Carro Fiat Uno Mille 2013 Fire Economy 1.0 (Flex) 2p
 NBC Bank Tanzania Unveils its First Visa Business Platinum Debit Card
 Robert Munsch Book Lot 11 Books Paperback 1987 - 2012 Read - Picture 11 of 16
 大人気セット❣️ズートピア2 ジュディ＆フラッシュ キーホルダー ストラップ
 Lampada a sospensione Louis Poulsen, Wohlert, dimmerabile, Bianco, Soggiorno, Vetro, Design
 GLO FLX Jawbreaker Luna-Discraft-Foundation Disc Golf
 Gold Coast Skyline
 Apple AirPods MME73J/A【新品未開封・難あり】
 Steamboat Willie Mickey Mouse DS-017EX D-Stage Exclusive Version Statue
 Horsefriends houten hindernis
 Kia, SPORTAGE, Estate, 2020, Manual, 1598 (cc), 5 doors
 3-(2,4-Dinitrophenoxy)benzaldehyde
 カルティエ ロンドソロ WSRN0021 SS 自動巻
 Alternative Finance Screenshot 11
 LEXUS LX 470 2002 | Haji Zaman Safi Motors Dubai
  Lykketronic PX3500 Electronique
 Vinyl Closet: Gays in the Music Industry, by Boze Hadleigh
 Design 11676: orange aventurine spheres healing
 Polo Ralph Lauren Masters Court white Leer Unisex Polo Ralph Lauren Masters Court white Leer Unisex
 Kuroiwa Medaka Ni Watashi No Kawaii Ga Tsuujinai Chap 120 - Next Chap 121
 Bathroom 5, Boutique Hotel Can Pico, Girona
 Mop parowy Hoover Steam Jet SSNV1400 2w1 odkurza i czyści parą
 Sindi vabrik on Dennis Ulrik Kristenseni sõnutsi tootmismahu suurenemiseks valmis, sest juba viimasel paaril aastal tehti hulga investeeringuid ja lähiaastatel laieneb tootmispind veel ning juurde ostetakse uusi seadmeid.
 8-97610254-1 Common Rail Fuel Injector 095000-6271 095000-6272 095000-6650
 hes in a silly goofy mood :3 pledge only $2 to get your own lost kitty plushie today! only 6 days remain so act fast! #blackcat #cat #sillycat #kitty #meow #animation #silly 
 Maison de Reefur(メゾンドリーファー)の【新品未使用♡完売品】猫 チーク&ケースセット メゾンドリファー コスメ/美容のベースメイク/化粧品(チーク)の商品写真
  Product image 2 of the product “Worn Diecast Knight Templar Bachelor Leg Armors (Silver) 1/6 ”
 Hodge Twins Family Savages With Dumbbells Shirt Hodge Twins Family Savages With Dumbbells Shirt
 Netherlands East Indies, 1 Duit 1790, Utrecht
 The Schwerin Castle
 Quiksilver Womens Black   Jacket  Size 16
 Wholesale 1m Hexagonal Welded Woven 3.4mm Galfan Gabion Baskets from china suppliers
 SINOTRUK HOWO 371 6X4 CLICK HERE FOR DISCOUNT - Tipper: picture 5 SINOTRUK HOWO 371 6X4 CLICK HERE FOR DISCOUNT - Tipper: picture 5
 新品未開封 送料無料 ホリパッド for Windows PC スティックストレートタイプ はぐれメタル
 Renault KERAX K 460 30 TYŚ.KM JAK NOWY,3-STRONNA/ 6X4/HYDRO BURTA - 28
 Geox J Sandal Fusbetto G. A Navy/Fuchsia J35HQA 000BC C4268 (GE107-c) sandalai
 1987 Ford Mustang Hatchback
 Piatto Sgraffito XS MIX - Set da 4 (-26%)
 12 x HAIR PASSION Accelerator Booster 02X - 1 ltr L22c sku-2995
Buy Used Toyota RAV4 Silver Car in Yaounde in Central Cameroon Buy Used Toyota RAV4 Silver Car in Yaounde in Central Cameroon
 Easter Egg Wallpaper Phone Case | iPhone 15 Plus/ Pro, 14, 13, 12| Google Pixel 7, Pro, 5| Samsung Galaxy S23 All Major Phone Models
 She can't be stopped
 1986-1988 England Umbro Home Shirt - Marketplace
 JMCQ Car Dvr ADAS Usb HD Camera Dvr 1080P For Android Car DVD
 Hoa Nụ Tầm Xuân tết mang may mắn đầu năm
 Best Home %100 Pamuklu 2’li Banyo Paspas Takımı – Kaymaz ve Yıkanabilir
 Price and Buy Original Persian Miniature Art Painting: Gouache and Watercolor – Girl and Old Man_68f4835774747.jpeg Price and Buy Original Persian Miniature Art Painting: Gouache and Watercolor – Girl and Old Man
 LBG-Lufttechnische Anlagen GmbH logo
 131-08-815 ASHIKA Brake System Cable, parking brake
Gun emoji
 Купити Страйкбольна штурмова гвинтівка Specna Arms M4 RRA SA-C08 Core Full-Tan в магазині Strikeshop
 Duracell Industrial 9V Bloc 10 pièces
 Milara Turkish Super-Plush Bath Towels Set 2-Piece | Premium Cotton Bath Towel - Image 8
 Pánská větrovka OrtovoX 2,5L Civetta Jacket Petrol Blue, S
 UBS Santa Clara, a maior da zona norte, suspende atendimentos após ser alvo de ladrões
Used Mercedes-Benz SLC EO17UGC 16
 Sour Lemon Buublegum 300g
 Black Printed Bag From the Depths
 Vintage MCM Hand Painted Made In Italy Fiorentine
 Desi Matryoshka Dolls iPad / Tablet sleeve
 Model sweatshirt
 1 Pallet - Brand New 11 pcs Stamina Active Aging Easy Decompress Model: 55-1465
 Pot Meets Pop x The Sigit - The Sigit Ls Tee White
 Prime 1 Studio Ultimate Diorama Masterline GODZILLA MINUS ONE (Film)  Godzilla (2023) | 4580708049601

◇ ◇ ◇ ◇

• Problem requirements:
Begin at the first line of the records above and restate each line word for word, stopping after the line with "Mop parowy Hoover".

• Finished task:
Carro Fiat Uno Mille 2013 Fire Economy 1.0 (Flex) 2p
 NBC Bank Tanzania Unveils its First Visa Business Platinum Debit Card
 Robert Munsch Book Lot 11 Books Paperback 1987 - 2012 Read - Picture 11 of 16
 大人気セット❣️ズートピア2 ジュディ＆フラッシュ キーホルダー ストラップ
 Lampada a sospensione Louis Poulsen, Wohlert, dimmerabile, Bianco, Soggiorno, Vetro, Design
 GLO FLX Jawbreaker Luna-Discraft-Foundation Disc Golf
 Gold Coast Skyline
 Apple AirPods MME73J/A【新品未開封・難あり】
 Steamboat Willie Mickey Mouse DS-017EX D-Stage Exclusive Version Statue
 Horsefriends houten hindernis
 Kia, SPORTAGE, Estate, 2020, Manual, 1598 (cc), 5 doors
 3-(2,4-Dinitrophenoxy)benzaldehyde
 カルティエ ロンドソロ WSRN0021 SS 自動巻
 Alternative Finance Screenshot 11
 LEXUS LX 470 2002 | Haji Zaman Safi Motors Dubai
  Lykketronic PX3500 Electronique
 Vinyl Closet: Gays in the Music Industry, by Boze Hadleigh
 Design 11676: orange aventurine spheres healing
 Polo Ralph Lauren Masters Court white Leer Unisex Polo Ralph Lauren Masters Court white Leer Unisex
 Kuroiwa Medaka Ni Watashi No Kawaii Ga Tsuujinai Chap 120 - Next Chap 121
 Bathroom 5, Boutique Hotel Can Pico, Girona
 Mop parowy Hoover Steam Jet SSNV1400 2w1 odkurza i czyści parą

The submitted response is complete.